Glossary
One Tap Dose Logging
Updated February 28, 2026
One-tap logging is a fast confirmation path designed to reduce friction while preserving signal quality.
Why it matters
A single tap works when timing is stable; it is less reliable when dose size, formulation, or uncertainty is changing.
Behavior-first framing
Use one-tap when dose and context are consistent.
Use manual follow-up when you changed anything meaningful about the protocol.
Edge cases
- split packs: split logging should use manual correction for serving accuracy
- partial compliance: record what was actually consumed if dose does not equal planned
- late logging: add a correction reason rather than letting app timing assumptions drift
Confidence impact
Quick taps can increase adherence consistency but reduce dose precision.

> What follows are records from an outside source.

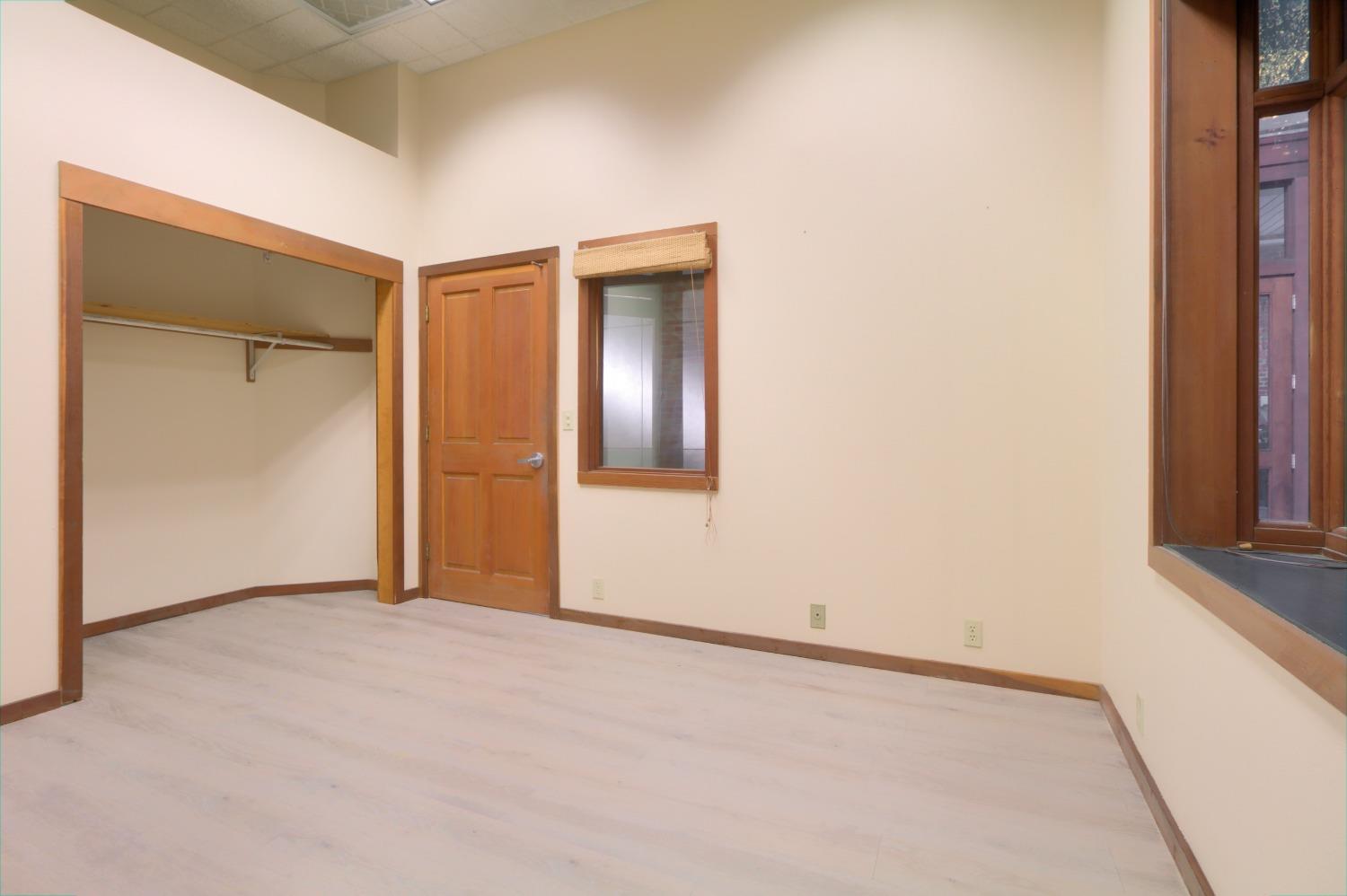 Detail Gallery Image 4 of 20 For 720 Main St #C,  Woodland,  CA 95695 - – Beds | – Baths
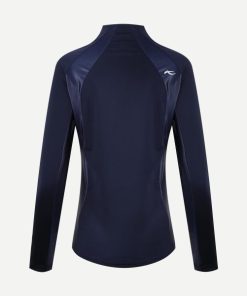 Angelafinley.shop5d91148732 2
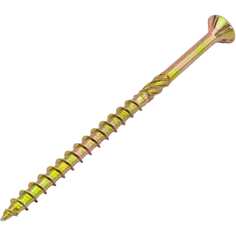 Саморез по дереву INFIX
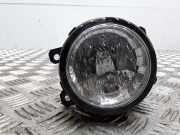 Nebelscheinwerfer rechts vorne Nissan Leaf (ZE0) 261503NA0A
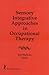Sensory Integrative Approaches in Occupational Therapy (Occupational Therapy in Health Care)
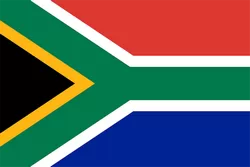 南非 图标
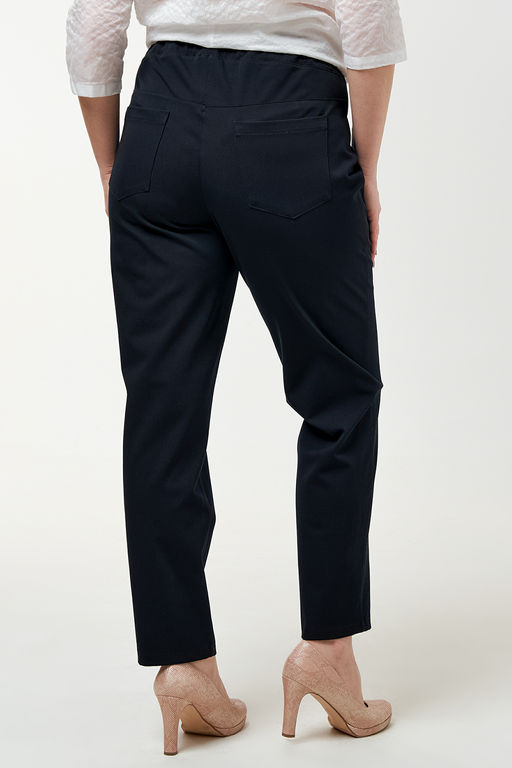 Брюки - Olsi фото 2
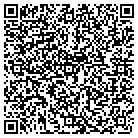 QR code with Roger Wilkie Jr Builder Inc contacts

Detailed entries increase reliability for adverse-effect detection and compound-specific effect mapping.
Practical action step
If you switch compounds, forms, or split the intended dose, always open manual confirmation for at least 2 days.
Uncertainty and limits
- Evidence is limited on how much confidence can be preserved when one-tap is used during variable routines.
- Evidence is limited on precision gains from detailed logging in very short trials.
Cross-site references
How this appears in Unfair
Unfair weights one-tap events as high-adherence context but lower-confidence dose-precision context.
Clinical safety note
If symptoms are changing quickly, avoid one-tap-only logging and capture exact amounts and context.